El rey del Mambo parecía un diablo de cuento, o más bien un diablito, porque era bajo de estatura. Vivió muchos años en México, quizá la mitad de su vida, y a mí lo que más me impresionaba de su biografía era que Federico Fellini había puesto una de sus piezas musicales en la banda sonora de La dolce vita (1960).
Un día vi caminando a Pérez Prado por la avenida Insurgentes, iba, precisamente, con un trajecito de diablo, rojo, brillante, apretado y zancón para que se le vieran bien los botines, que tenían un tacón desmesurado y una punta decididamente asesina. A esta pinta exótica se añadía una piocha loca y renegrida, y un exagerado tupé que provocaba todo tipo de gestos en las personas con las que se cruzaba, a la altura de la Avenida San Antonio.
Eran los años ochenta y Pérez Prado ya había visto pasar sus mejores momentos, ya eran historia su bullanguero “Mambo número ocho”, y aquellos que habían sudado bailando en su juventud el “Mambo del Politécnico” y el “Mambo Universitario”, ya habían virado hacia la trova cubana o la balada pop.

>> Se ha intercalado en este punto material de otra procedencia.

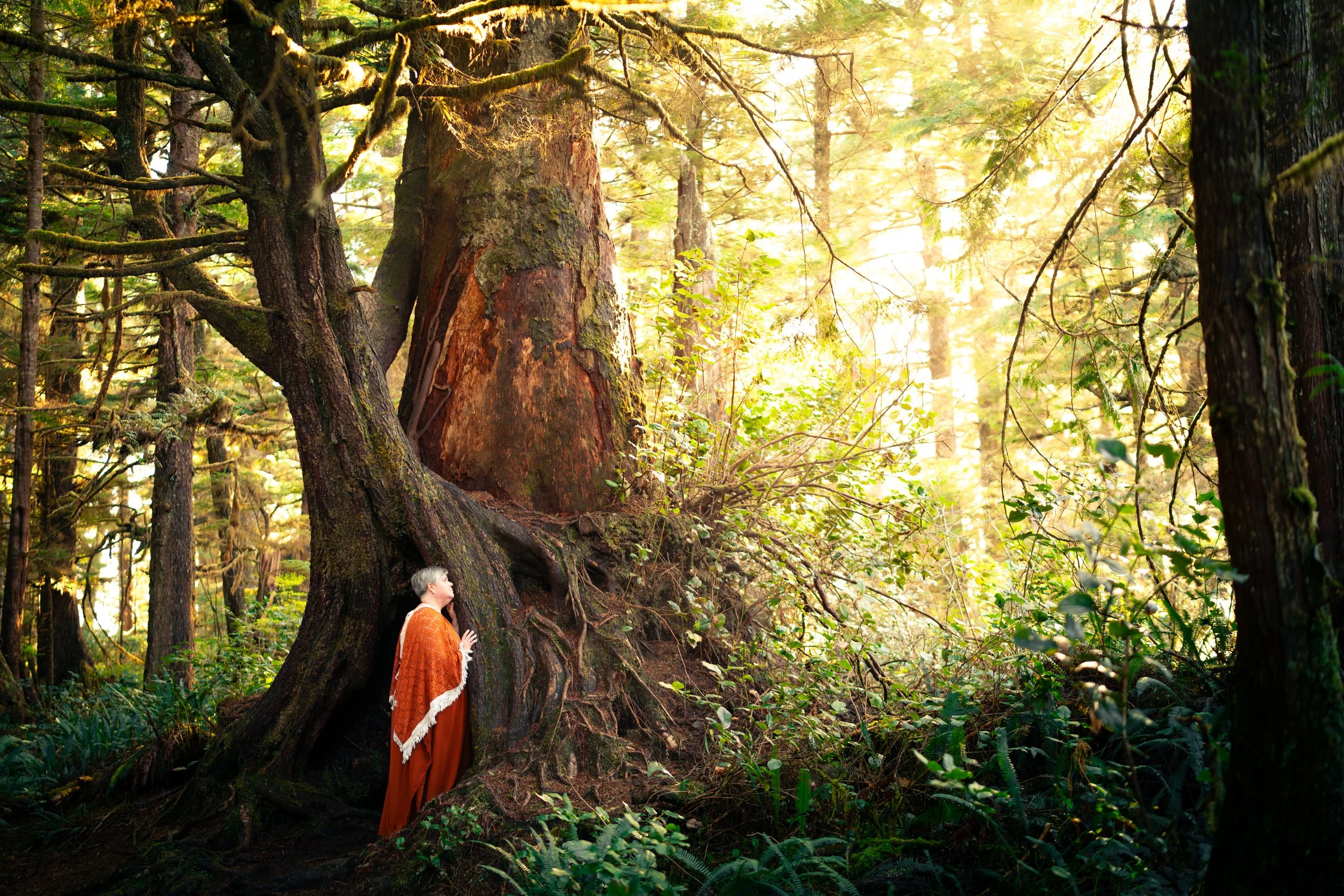 A woman wearing an orange shawl stands in a dense, sunlit forest next to a large, ancient tree with exposed roots, surrounded by green foliage and tall trees.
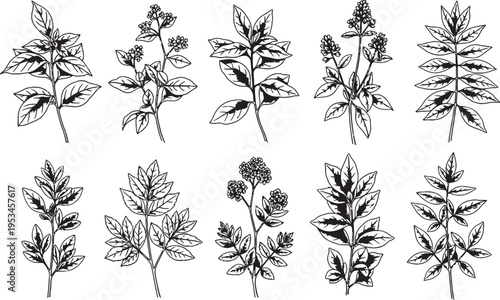 Botanical illustrations of various plant species in black and white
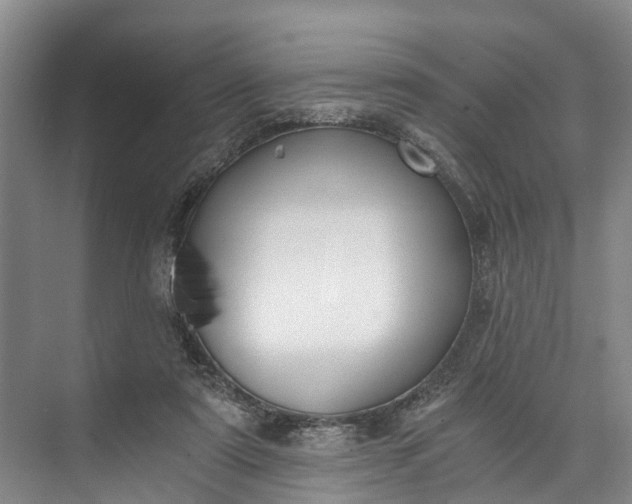 X0000072950307200608041314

Me puse a seguir a Pérez Prado por Insurgentes para ver si había oportunidad de preguntarle por su relación con Fellini, de la que no se sabía entonces nada y me parece que hoy tampoco se sabe mucho.
El rey del Mambo andaba por la calle con un contagioso bamboleo y una sonrisa etérea y permanente característica de aquellos que han sido muy famosos y se han acostumbrado a que los saluden e interpelen cada vez que salen al mundo exterior. De su escandaloso traje rojo deduje que iba a firmar un contrato para tocar con su orquesta en un centro nocturno, o a grabar el Mambo número ciento ocho en un estudio de postín. Pero me equivoqué, entró en una farmacia y antes de que el dependiente pudiera decirle buenos días, Pérez Prado ya había pedido una caja de parches para callos. Decidí que ya no quería saber lo de Fellini, di media vuelta y me fui pensando, mientras regresaba por la avenida taciturno y ofuscado, que eran los callos, y no el sedimento de su música salvaje, lo que explicaba su contagioso bamboleo.